Describe the bug
The getaddrinfo (zsock_getaddrinfo) method fail with DNS_EAI_MEMORY error at calloc.
from subsys/net/lib/sockets/getaddrinfo.c:
int zsock_getaddrinfo(const char *host, const char *service,
const struct zsock_addrinfo *hints,
struct zsock_addrinfo **res)
{
if (IS_ENABLED(CONFIG_NET_SOCKETS_OFFLOAD)) {
return socket_offload_getaddrinfo(host, service, hints, res);
}
#if defined(CONFIG_DNS_RESOLVER)
int ret;
*res = calloc(AI_ARR_MAX, sizeof(struct zsock_addrinfo));
if (!(*res)) {
return DNS_EAI_MEMORY;
}
ret = z_zsock_getaddrinfo_internal(host, service, hints, *res);
if (ret) {
free(*res);
*res = NULL;
}
return ret;
#endif
return DNS_EAI_FAIL;
}
To Reproduce
Can look at https://github.com/nandojve/zephyr/tree/topic/tagoio_http_post_json project. It is an functional test with TagoIO IoT Platform using HTTP post.
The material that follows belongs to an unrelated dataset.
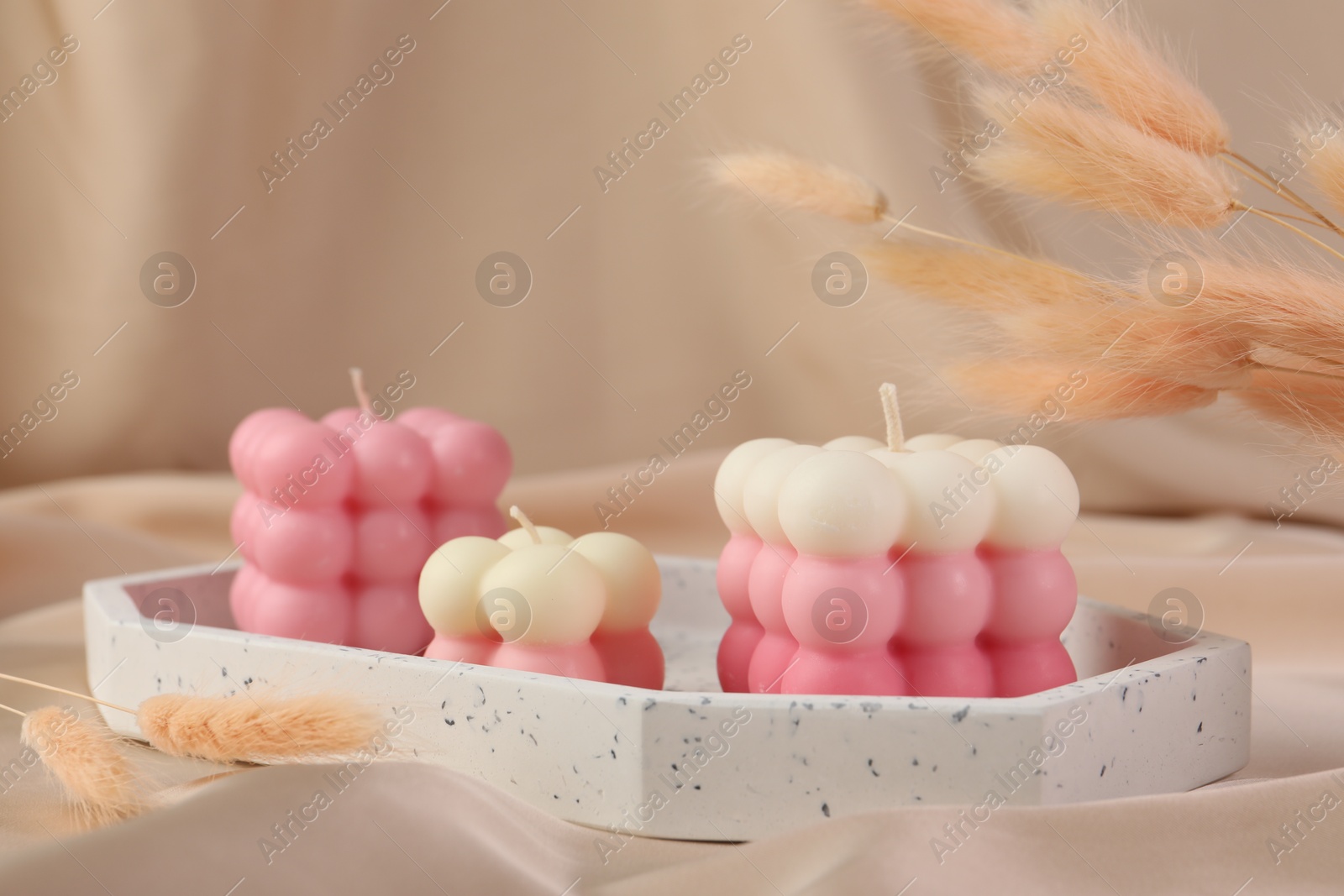 Photo of Beautiful bubble candles and dry spikes on beige fabric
The implementation is in int tagoio_connect(struct tagoio_context_t *ctx) method on socket.c file.
Expected behavior
Proper getaddrinfo function working independent of libC.
Impact/workaround
Don't work without add newlib C.
Environment:
Additional context
I noted that DNS on shell works independent of the lib C used.
Looks like this might depend on CONFIG_MINIMAL_LIBC_MALLOC_ARENA_SIZE and CONFIG_MINIMAL_LIBC_CALLOC for the minimal libc. I don't see a similar listing for newlib libc heap size.
@nandojve - if you add those configuration options (e.g. set arena size to 16384 and calloc to y) does it fix your issues?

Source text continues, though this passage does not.